O barão (republicano, claro) Gérard Larcher, presidente do Senado, Bruno Retailleau, o presidente dos Republicanos no Senado, e Laurent Wauquiez, atual líder republicano na Assembleia Nacional, aprovaram Bertrand, considerado-o conciliador. Metade do caminho já estará, portanto, percorrido. Falta, e essa é uma exigência dos Republicanos, outro tanto andar: os partidos (ou pelo menos uma maioria) devem garantir que não farão cair o novo primeiro-ministro - se o for - à primeira instabilidade.
O problema é que os conservadores querem, lá diz o ditado, sol na eira e chuva no nabal: Xavier Bertrand governaria com uma espécie de carta branca, mas não poderia implementar políticas apelidadas de “esquerda”. O equilíbrio é improvável, mas Macron vai apelar (como o fez em eleições) ao melhor sentido “republicano” dos outros partidos. E prometerá de Bertrand um primeiro-ministro dialogante.

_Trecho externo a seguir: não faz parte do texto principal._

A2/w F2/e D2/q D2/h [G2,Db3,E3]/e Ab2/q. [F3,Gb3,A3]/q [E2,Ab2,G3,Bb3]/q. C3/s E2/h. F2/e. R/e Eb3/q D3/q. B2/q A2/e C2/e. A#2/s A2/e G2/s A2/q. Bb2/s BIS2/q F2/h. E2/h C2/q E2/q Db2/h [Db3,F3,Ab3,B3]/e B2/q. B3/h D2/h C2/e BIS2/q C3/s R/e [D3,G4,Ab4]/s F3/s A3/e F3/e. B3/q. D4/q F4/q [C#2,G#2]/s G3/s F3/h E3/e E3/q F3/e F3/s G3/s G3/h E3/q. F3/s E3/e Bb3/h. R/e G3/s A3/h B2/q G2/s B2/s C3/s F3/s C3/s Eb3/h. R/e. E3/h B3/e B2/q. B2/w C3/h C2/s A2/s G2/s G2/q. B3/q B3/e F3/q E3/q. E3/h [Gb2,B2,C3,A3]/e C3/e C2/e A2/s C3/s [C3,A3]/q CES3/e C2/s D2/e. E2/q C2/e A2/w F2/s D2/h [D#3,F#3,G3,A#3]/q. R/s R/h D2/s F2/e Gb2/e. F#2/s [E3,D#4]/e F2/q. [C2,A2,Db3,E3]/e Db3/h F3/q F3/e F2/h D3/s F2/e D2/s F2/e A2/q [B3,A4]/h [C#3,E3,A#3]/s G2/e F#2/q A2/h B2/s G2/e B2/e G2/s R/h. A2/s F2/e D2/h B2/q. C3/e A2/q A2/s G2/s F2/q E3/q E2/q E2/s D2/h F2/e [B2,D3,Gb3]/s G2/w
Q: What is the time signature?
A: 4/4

Um pequeno gaulista que sonha (grande) com o Eliseu
Mas quem é o putativo primeiro-ministro, quem é no fim de contas Xavier Bertrand? Um político feito a pulso, um governante de trabalhos duros, ambicioso, aguerrido, conservador dos sete costados.
De 59 anos, natural de Châlons-sur-Marne, cidade no nordeste francês, Bertrand teve um pai bancário, diz (e orgulha-se) que nunca frequentou “as melhores escolas”, nunca pertenceu às elites. Formando em direito público e especializado em administração local, chegaria ao topo pé ante pé, lentamente. Por anos foi agente de seguros na Swiss Life, aproximou-se (quando tinha somente 17 anos) do centro-direita gaulista do Reagrupamento para a República de Jacques Chirac e foi ele, Chirac, quem o quis fazer ministro — não sem antes ter sido assessor parlamentar e deputado à Assembleia Nacional, na viragem do século, sempre com algum beneplácito do histórico líder francês.

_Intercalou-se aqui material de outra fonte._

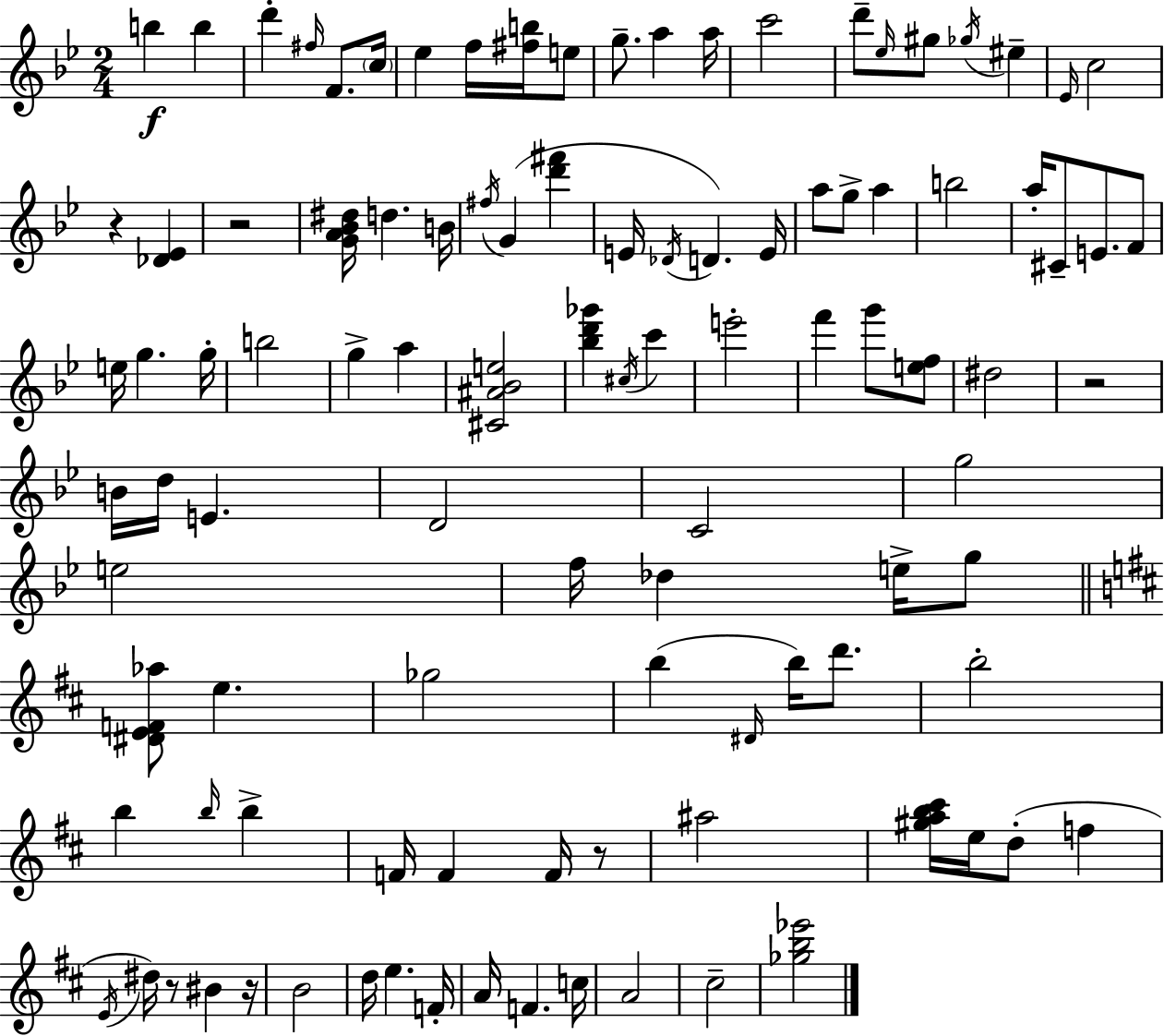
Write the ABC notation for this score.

X:1
T:Untitled
M:2/4
L:1/4
K:Gm
b b d' ^f/4 F/2 c/4 _e f/4 [^fb]/4 e/2 g/2 a a/4 c'2 d'/2 _e/4 ^g/2 _g/4 ^e _E/4 c2 z [_D_E] z2 [GA_B^d]/4 d B/4 ^f/4 G [d'^f'] E/4 _D/4 D E/4 a/2 g/2 a b2 a/4 ^C/2 E/2 F/2 e/4 g g/4 b2 g a [^C^A_Be]2 [_bd'_g'] ^c/4 c' e'2 f' g'/2 [ef]/2 ^d2 z2 B/4 d/4 E D2 C2 g2 e2 f/4 _d e/4 g/2 [^DEF_a]/2 e _g2 b ^D/4 b/4 d'/2 b2 b b/4 b F/4 F F/4 z/2 ^a2 [^gab^c']/4 e/4 d/2 f E/4 ^d/4 z/2 ^B z/4 B2 d/4 e F/4 A/4 F c/4 A2 ^c2 [_gb_e']2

Primeiro foi ministro da Saúde, no governo de Dominique de Villepin, entre 2005 e 2007, função em que se lhe elogiou a maneira como lidaria com a epidemia de chikungunya em Reunião, igualmente como enfrentaria a gripe das aves e, talvez menos epidémica mas certamente mais polémica, como implementou a proibição de fumar em locais públicos. A capacidade de liderança sob pressão e sob discórdia despertou a atenção de Nicolas Sarkozy, que o escolheria para porta-voz da sua campanha presidencial em 2007.

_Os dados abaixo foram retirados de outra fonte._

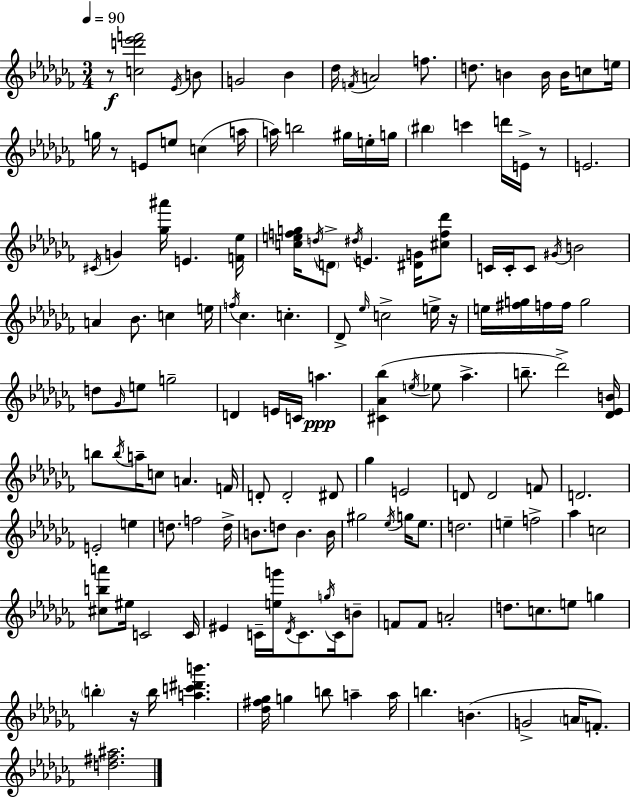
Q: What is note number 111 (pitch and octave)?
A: C4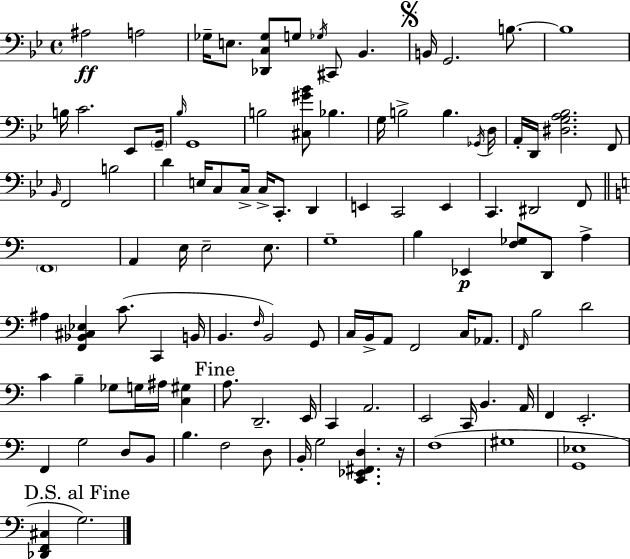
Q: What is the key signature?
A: BES major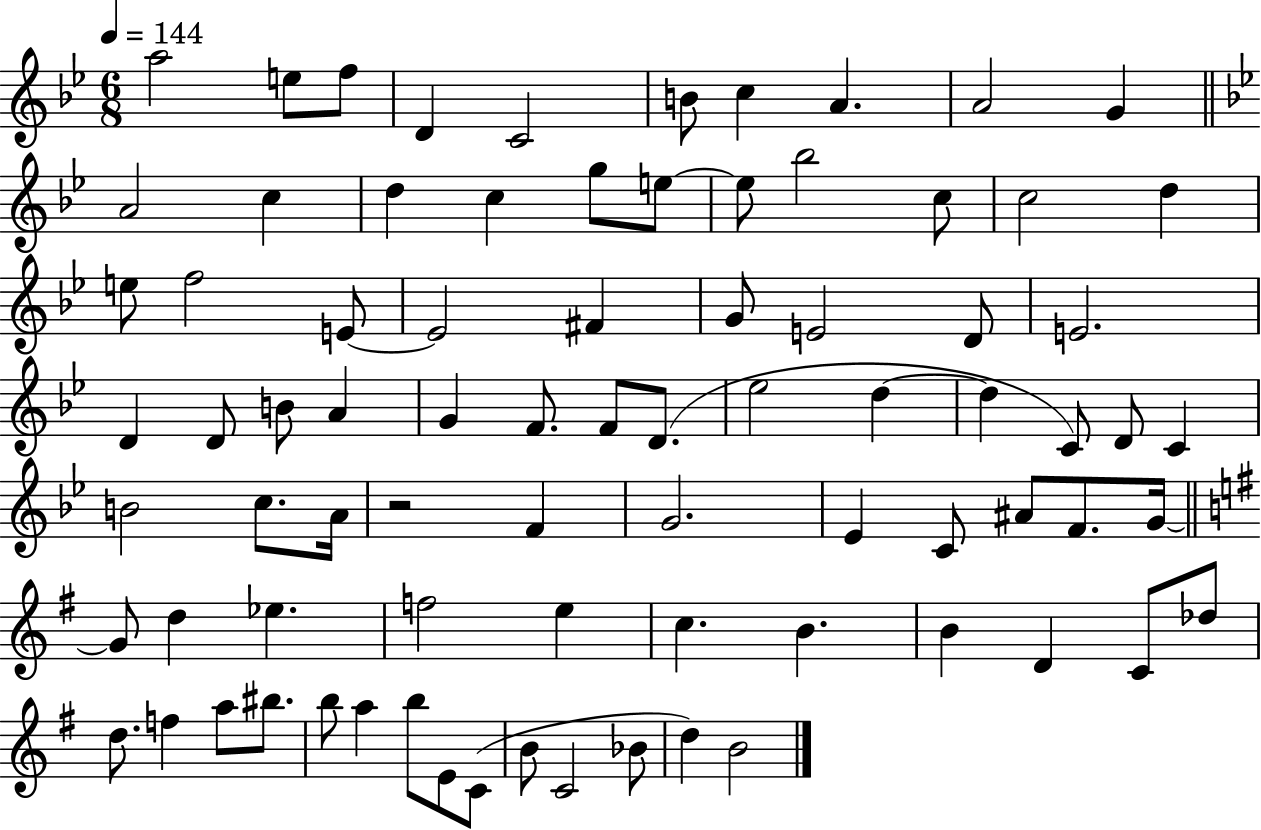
A5/h E5/e F5/e D4/q C4/h B4/e C5/q A4/q. A4/h G4/q A4/h C5/q D5/q C5/q G5/e E5/e E5/e Bb5/h C5/e C5/h D5/q E5/e F5/h E4/e E4/h F#4/q G4/e E4/h D4/e E4/h. D4/q D4/e B4/e A4/q G4/q F4/e. F4/e D4/e. Eb5/h D5/q D5/q C4/e D4/e C4/q B4/h C5/e. A4/s R/h F4/q G4/h. Eb4/q C4/e A#4/e F4/e. G4/s G4/e D5/q Eb5/q. F5/h E5/q C5/q. B4/q. B4/q D4/q C4/e Db5/e D5/e. F5/q A5/e BIS5/e. B5/e A5/q B5/e E4/e C4/e B4/e C4/h Bb4/e D5/q B4/h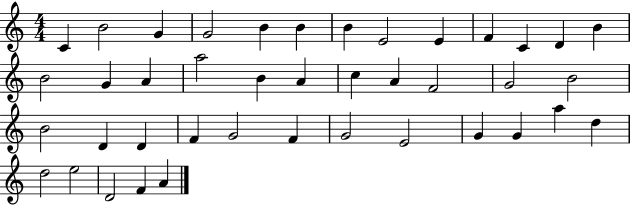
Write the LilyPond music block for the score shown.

{
  \clef treble
  \numericTimeSignature
  \time 4/4
  \key c \major
  c'4 b'2 g'4 | g'2 b'4 b'4 | b'4 e'2 e'4 | f'4 c'4 d'4 b'4 | \break b'2 g'4 a'4 | a''2 b'4 a'4 | c''4 a'4 f'2 | g'2 b'2 | \break b'2 d'4 d'4 | f'4 g'2 f'4 | g'2 e'2 | g'4 g'4 a''4 d''4 | \break d''2 e''2 | d'2 f'4 a'4 | \bar "|."
}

Passaria de Chirac para Sarkozy, de gaulista a neo-gaulista, manteve-se conservador, e trocou o Reagrupamento para a República pelos Republicanos - não sem antes ter sido secretário-geral do partido antecessor do Republicanos, o União por um Movimento Popular. Foi presidente da Câmara de Saint-Quentin em 2010, mas logo regressaria a um governo, e ainda em 2010 acabaria ministro do Trabalho de François Fillon - mas sendo, claro, um protegido do presidente: Sarkozy. No Ministério do Trabalho, das Relações Sociais e da Solidaridade, apresentou um conjunto de medidas (por muitos elogiadas, para muitos impopulares) para impulsionar empregos e combater a corrupção nos apoios sociais.
A vida política, em crescendo, trouxe-lhe ambição para mais. Era preciso um frente-a-frente. E teve-o. Em 2015 bateu de frente contra Marine Le Pen, herdeira da extrema-direita francesa, e derrotou-a (por muito) na votação para presidente do Conselho Regional de Hauts-de-France, uma região que se tornara um bastião dos nacionalistas franceses. “Nós esmagamos as mandíbulas da Frente Nacional , as suas palavras incendiárias, as suas propostas inúteis”, afirmaria, glorioso, Bertrand. Não lhe bastaria, ainda queria mais, e talvez quisesse liderar os Republicanos. Mas uma vitória e eleição esmagadora de Laurent Wauquiez (que hoje o apoia, curiosamente) como presidente do partido em 2017 resfriou-lhe ímpetos. Bateu com a porta. Ameaçou desfiliar-se: “Eu não reconheço mais a minha família política, então decidi deixá-la. Não gosto da sua política de agressividade e do uso de bodes expiatórios”.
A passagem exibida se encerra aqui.